Maryland, the land of pleasant living, is known for a lot of things: crabs, horses, the Chesapeake Bay, lighthouses. Covered bridges? Nope. There are a couple hundred in Pennsylvania and more than 800 in the nation, but Maryland has just eight left of the 50 that once dotted the state.
These structures achieve what many works of architecture and engineering do not: They're romantic, functional, simple, eternal, even mysterious. People still debate the origins of these spans, whether they were covered to shelter wayward travelers, to keep horses from getting spooked over water or, as is predominantly thought, to protect the timber skeleton that supports the decking.
Howard has one of the eight remaining, though it doesn't date to the 19th century like the others and has been rebuilt substantially in recent years. A bridge enthusiast, Hubert Burdette, built it of barn timbers on his property in Lisbon, off Newport Road near Route 94, 50 years ago.
Actually, the Maryland county richest in these bridges is Frederick, where three remain. Unfortunately, they have recently suffered the same fate as many of these crossings nationally, having been wrecked by arson or negligence.
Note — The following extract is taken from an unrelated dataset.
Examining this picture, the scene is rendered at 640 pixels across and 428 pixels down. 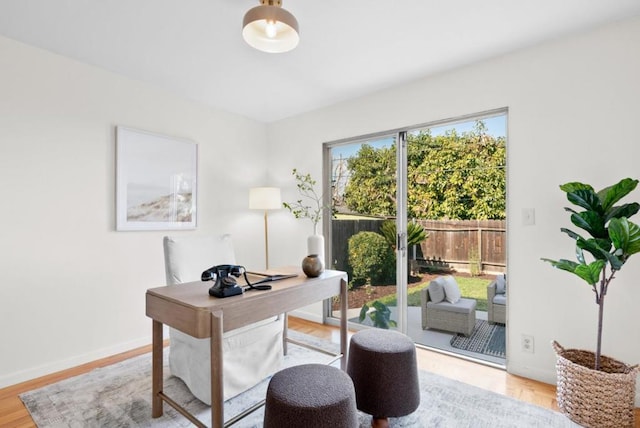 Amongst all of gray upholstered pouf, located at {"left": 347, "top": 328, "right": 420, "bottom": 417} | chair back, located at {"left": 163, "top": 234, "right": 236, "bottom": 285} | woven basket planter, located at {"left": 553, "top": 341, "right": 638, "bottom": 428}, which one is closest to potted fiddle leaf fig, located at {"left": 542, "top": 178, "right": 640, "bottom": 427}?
woven basket planter, located at {"left": 553, "top": 341, "right": 638, "bottom": 428}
Two years ago, the Loy's Station Bridge near Rocky Ridge was almost destroyed by a man who set it ablaze in an insurance fraud scheme. It's a gauge of how strongly Frederick countians feel about their bridges that the sentencing for the crime made banner news in the local press. A truck damaged the Roddy Road covered bridge near Thurmont last year. And the support beam of a third covered bridge was also cracked by a passing truck last summer.
Negligent drivers aside, there are greater challenges to man's ingenuity than the preservation from fire of these bridges; it's a challenge that state and local authorities should meet. Sprinkler systems are available as are wood and paint treated to retard fire. At the least, automatic fire alarms could be installed to summon local fire companies.
One unfortunate irony we must add is that we didn't compose the previous paragraph. It was lifted almost verbatim from an Evening Sun editorial published in 1961. If there's any proof needed that Maryland hasn't sufficiently treasured its covered bridges, it is that 32 years later, the problem remains as frozen in time as these graceful relics.